Women want a man who's the boss. That's nonsense. Don't get me wrong. Women love assertive, confident men. But the problem with the manosphere and all this red pill nonsense is that it's built on an outdated, toxic idea of what masculinity is. This idea that men have to dominate, conquer, suppress their emotions to succeed. Spoiler alert, that's not what women want.
Not what modern women want anyway. Maybe caveman women wanted it. But what women want today is, sure, they want confidence, they want assertiveness. Those things absolutely have their place. But they don't want confidence and assertiveness when it's packaged in this toxic package of ego and aggression and and topped with a red MAGA hat. Most women hate that. It's a turnoff.

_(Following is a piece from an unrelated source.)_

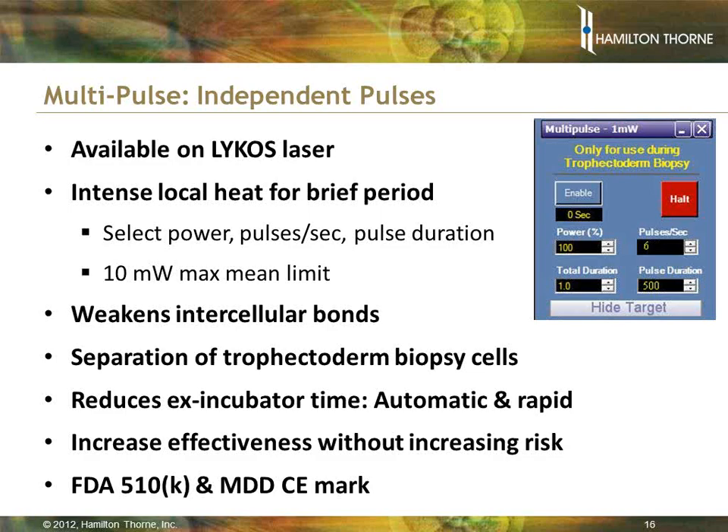Multipulse — what is it? Multipulse is like a machine gun, but in a controlled sense. When doing trophectoderm biopsy, you want to get the separation of cells done as quickly as possible and get the embryo back into the incubator fast. With multipulse, you hold the foot switch down and allow the laser to fire a train of pulses — tick, tick, tick — continuing until you lift the foot switch as you draw the trophectoderm cells in front of the laser. This provides a much quicker way to separate those cells and get the embryo back into the incubator.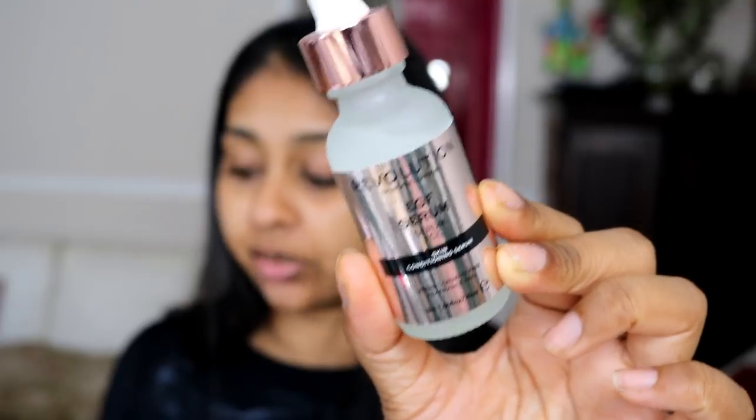The EGF serum is a skin conditioning serum that helps rehydrate and condition the skin and encourages a radiant complexion. It has a different type of packaging and feels like a jelly consistency on the skin. It's £10, a bit pricier. It contains plant-based EGF, a protein that naturally occurs in the skin to help boost a youthful-looking complexion. I use this when I want extra hydration — since the hyaluronic acid one didn't work for me, this is a good replacement.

So think of masculinity, Zach, not as you being the loudest guy in the room, but what real masculinity is, is being the most grounded and authentic man in the room. Being the man who owns who he is. He's respectful, kind, big-hearted, and pairing that kind of sense of quiet, unshakable belief that you have with real core authentic confidence. That's what a woman wants.
Women want a man who's strong enough to be vulnerable and confident enough to be kind and also brave enough to show up as his authentic self. So let me just give you some hope, okay? I coach guys like you all the time. I coach introverts and I coach mainly introverts, shy guys, nice guys, sweethearts, thoughtful, kind, nice men who often think they can't compete with the so-called bad boys.